Thursday, April 30, 2009

Holder of Slaughterhouse - Five

So this week, while reading Holder of the World (and writing an 18 page research paper) I was also reading Slaughterhouse – Five for FYS. It struck me how very similar they were at times, especially on the issue of time. If you haven’t read Slaughterhouse – Five I suggest you do so because it’s super good. Really, it’s quite genius. I won’t give away too much of the plot because I think you should all go read it for yourself but the story is about a man named Billy Pilgrim who has “come unstuck in time.” Basically he time travels (seemingly both at will and at random) back and forward through different times of his life.
Billy’s time travelling was what first struck me in comparison to Holder of the World. Obviously, Venn is working on a time machine in the novel, and while Billy’s time traveling is not done with the aide of a machine the Tralfamadorians (aliens Billy is convinced he was abducted by) say that all things (plants, animals, people, etc) are machines because we have no free will. So in that sense they are both time traveling by means of machine—one a man made machine, the other a man machine. The other part of the time traveling that was similar in both books was the jumping between present and past (and in Slaughterhouse – Five’s case the future as well). Holder of the World jumps between Beigh’s story and Hannah Easton Fitch Legge’s (haha) story and they become interconnected. In slaughterhouse - Five there is a quasi base story of Billy going to fight in World War II, and then it jumps around all over the place from his birth to his death to his wedding night, etc. I see this jumping between times technique as a very post-modern style of writing.
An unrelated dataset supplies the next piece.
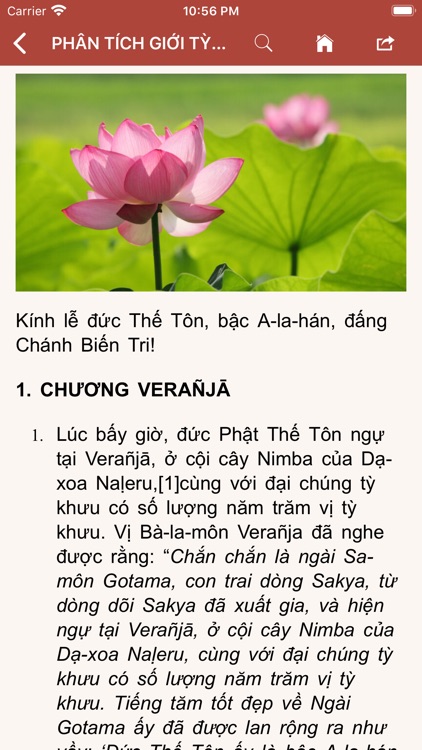 Phật Giáo Theravāda screenshot-4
There is a story within a story within a story and there are back stories and side stories and seemingly random and jumbled up stories. This is very unlike books from before post-modernism in which there was a story and you followed it from start to finish.
The concept of time is also examined in both books (both with time travel and with out). In Holder of the World Venn says Hannah married Gabriel Legge because it was her time to get married—a very determinist way to look at life. If Hannah got married because it was her time then this displays a belief that everything is predetermined and things happen when they do because that is when they were supposed to happen (determinism). In Slaughterhouse – Five the Tralfamadorians teach Billy that we are all machines and have no free will or ability to make decisions. They also show Billy that time is kind of a concept of the human mind and all time exists at once. So it’s kind of like you die, but you are still living in every other moment of your life. This is also in its own way determinism. Just as Venn looks at Hannah getting married as her ‘time’, Billy is living ‘times’ of his life—his time to go to war, his time to get married, his time to die. This even affects the way the tralfamadorians (and Billy) look at death. Any time someone dies in the novel (be it thousands of people, a horse or a glass of Champaign) the description of the death always ends with ‘so it goes.’ It is as if they are saying ‘it was there time, nothing you could do about it.’ Hannah get’s married: so it goes, it was her time. Thousands die in the bombing of Dresden: so it goes, it was there time.
The books also examine agency in similar ways. In Holder of the World Gabriel Legge is described as having no equal in Salem. He get’s this agency from his experiences, from the places he has been, things he has done. These are places and things the rest of Salem has not seen or done. So Gabriel get’s higher agency. When I was reading Slaughterhouse – Five I was wondering why Billy was so quick to believe everything the tralfamadorians told him. And then I realized that they, like Gabriel, had agency from experience. They had been places and seen and done things Billy couldn’t even imagine. And so it follows that he assumed they had superior intelligence from their experiences. Experience = knowledge = agency.
Basically it worked out quite nicely that I ended up reading both of these books at the same time because they were both very good and they complemented each other well. I found it rather handy. Go read Slaughterhouse – Five if you have not and good luck on finals everyone!!